Rousay, who spells her name with a lower-case “c”, came out as a trans woman in 2019. She is proud of her identity – but reluctant to be perceived as making grand statements. Or to be seen as representing an entire group of people. “Lol not all trans ppl have to be visible or like spokespeople for the ‘community’,” she tweeted last year.

“I wouldn’t consider myself somebody with a large platform, especially on the internet. There are people like [trans pop star] Kim Petras. She’s a massive artist. And she talks about trans stuff sometimes,” says Rousay.

“But not everybody has to be a spokesperson. A lot of people who are trans are very proud of it and want to talk about it. It’s a huge part of their identity: sometimes it’s part of their personality. Personally, not so much. I want to make sure people are taken care of. And to do my part to make sure people are safe, and advocating for people who maybe don’t have the resources to feel comfortable in their body. I don’t want to be a spokesperson for trans people. Everybody’s experience is different.”

She is wary of her specific circumstances as a trans woman being taken as some universal truth. Women in music have, she points out, long faced that challenge, to one extent or another. A woman in a band will inevitably be asked about being a woman a band: as if she were speaking for every female on the planet to have ever picked up a guitar.

“Being the only woman in the band: it’s like, ‘I don’t know…? I’m in a band. I play the bass’. It’s fine. Obviously there are [issues around gender to be discussed] but first and foremost I’m in a band.”

How does she feel about the hostility often directed at the trans community on social media and the manner in which trans identity has become a battleground in the culture wars?
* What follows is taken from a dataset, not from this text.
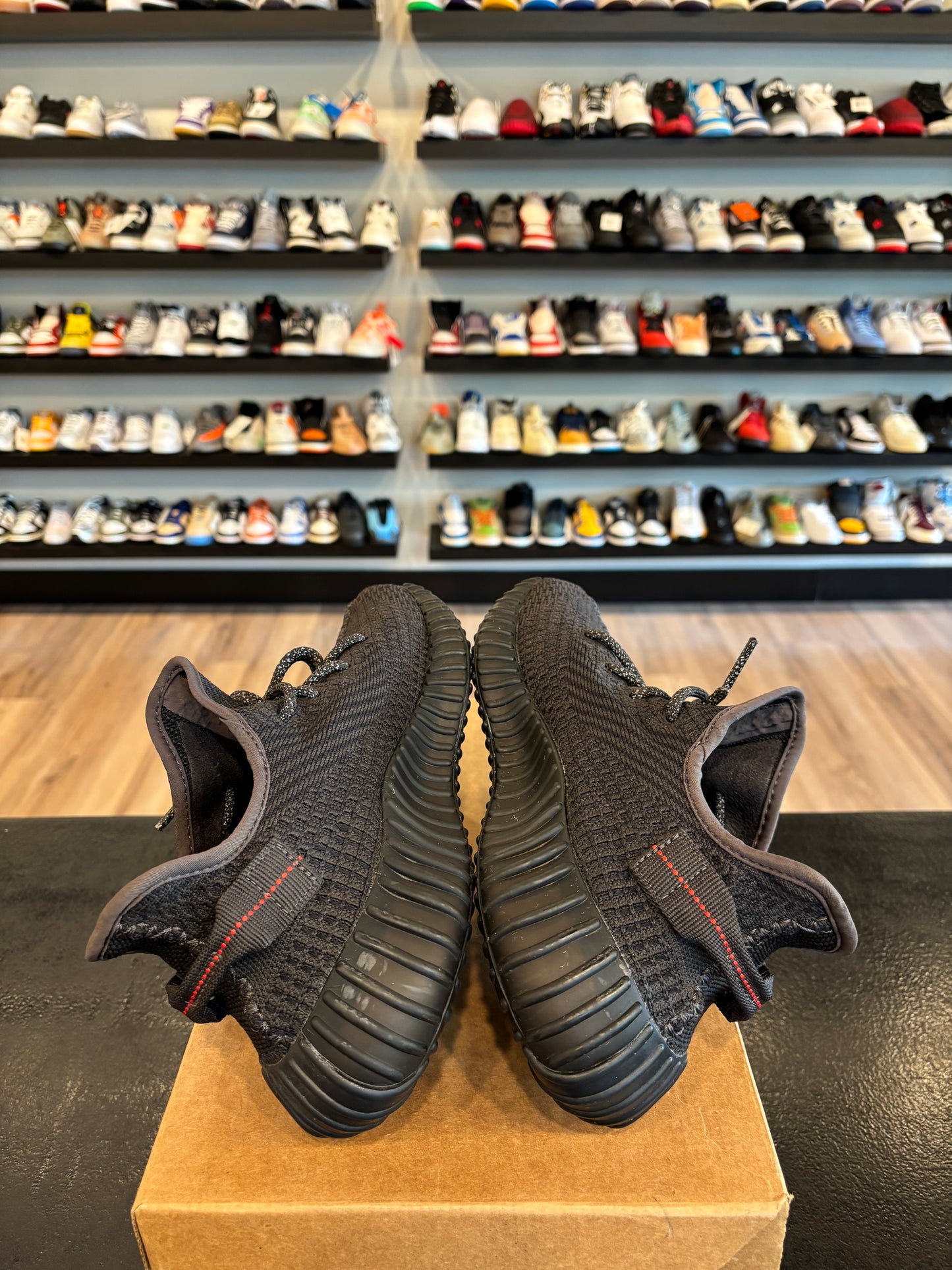 Yeezy 350 V2 Black Non Reflective Size 10 Pre-Owned (No Box)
When a prominent public figure tweets something controversial about trans people, does it cause her stress or pain?

“When people say transphobic stuff or homophobic stuff, it’s like, I’ve kind of heard it all already. And a lot of the times that I’ve heard it have been not on the internet. It’s been somebody yelling at me out of their car. Cornering me in a bar or pushing me or something. I’ve heard all these things in much more extreme situations. When it’s on the internet, it doesn’t bother or, quote, unquote, ‘trigger’ me.”

I tell her about a conversation with Ezra Furman, who came out as a transgender woman last year. Furman said you can be anywhere in the world, even in a “liberal” city such as San Fransisco, and all of a sudden someone is in your face, screaming, full of rage at you for merely existing. “Yeah,” Rousay sighs. “There’s always that one dude.”

Musically, she takes inspiration from all over. The experimental set she performs in Dublin at the end of the month will draw on ambient and neo-classical music – material with a glacial, woozy majesty that buffets you, shakes you to the core and then carries you far, far away.

But Rousay, who has a life-long passion for emo rock and for tragic troubadour Elliott Smith, can plug in and rock out, too. In February, working with her friend Mari Maurice, she released a dance record in the auto-tuned, maximalist “hyperpop” milieu popularised by artists such as Charli XCX. Never Stop Texting Me was received by some reviewers as pastiche or a ding against hyperpop. Rousay says nothing could be further from the truth.

“If it was a practical joke, I’m like bankrupting Orange Milk [the label that put it out]. I would never make a joke that’s on vinyl. A lot of people think there was a tongue-in-cheek quality. Or some sort of irony. It’s pretty sincere.”

Rousay has played all over the world, but never Ireland. She’s delighted to be coming. And she really means it, having squeezed in her Dublin gig the night before she flies to New York for a show. Two continents, two nights, two concerts. It sounds like the avant-garde version of Phil Collins criss-crossing the Atlantic by Concorde to perform twice at Live Aid in 1985.

“I play at 10 o’clock. And then, at 6am, I’m at the airport flying to New York. And I soundcheck that afternoon. It’s the end of a very long, drawn-out tour. But I’ve never been [to Ireland]. I want to go. I want to play the show. I tried to do this thing where I don’t go places I’m not invited. Because it seems kind of weird. So when someone asks, I say ‘yes’”.